Crypto news

25.06.2026
22:06

Legal Storm Over Strategy: Rosen Law Firm Launches Investigation into Michael Saylor's Company

The Rosen Law Firm has officially launched an investigation into Strategy (formerly MicroStrategy) and invites investors who purchased the company's securities to join a potential class-action lawsuit. This event is another signal of growing pressure on the company, whose business model is inextricably linked to bitcoin's volatility.

Lawyers are examining whether Strategy and its management published misleading statements. The focus is on the accuracy of information regarding the company's operations, its bitcoin storage strategy, business profitability, and the real risks associated with its aggressive model of accumulating the leading cryptocurrency.

Investigation Details: Which Securities Are Under Scrutiny?

The investigation covers a range of Strategy securities: MSTR, STRF, STRC, STRK, and STRD. The most attention is focused on STRC, a perpetual preferred stock that has recently shown extreme volatility. A dedicated page has been created for affected investors to join the investigation.

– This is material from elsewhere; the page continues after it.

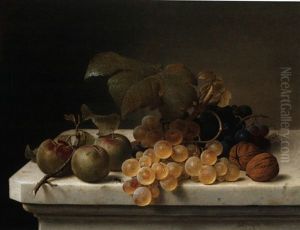 Stilleben Mit Pflaumen, Trauben Und Wallnussen Auf Marmorgesims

The situation is exacerbated by heightened market scrutiny of Strategy's capital structure and its growing reliance on various types of securities to finance bitcoin purchases. While Rosen Law Firm has not yet filed formal charges, the very initiation of such a probe is a worrying signal.

Why Arkham Believes STRC Is Not the New LUNA

Amid the panic, on-chain analytics platform Arkham moved quickly to calm the market, drawing a clear distinction between the STRC situation and the collapse of the Terra ecosystem. "Will STRC become the new LUNA? In short, not quite," Arkham experts stated.

The key difference, in their view, lies in the absence of any legal obligation for Strategy to support the market price of STRC. Unlike Terra's algorithmic stabilization mechanisms, the value of STRC merely reflects market expectations regarding future dividend payments from the company.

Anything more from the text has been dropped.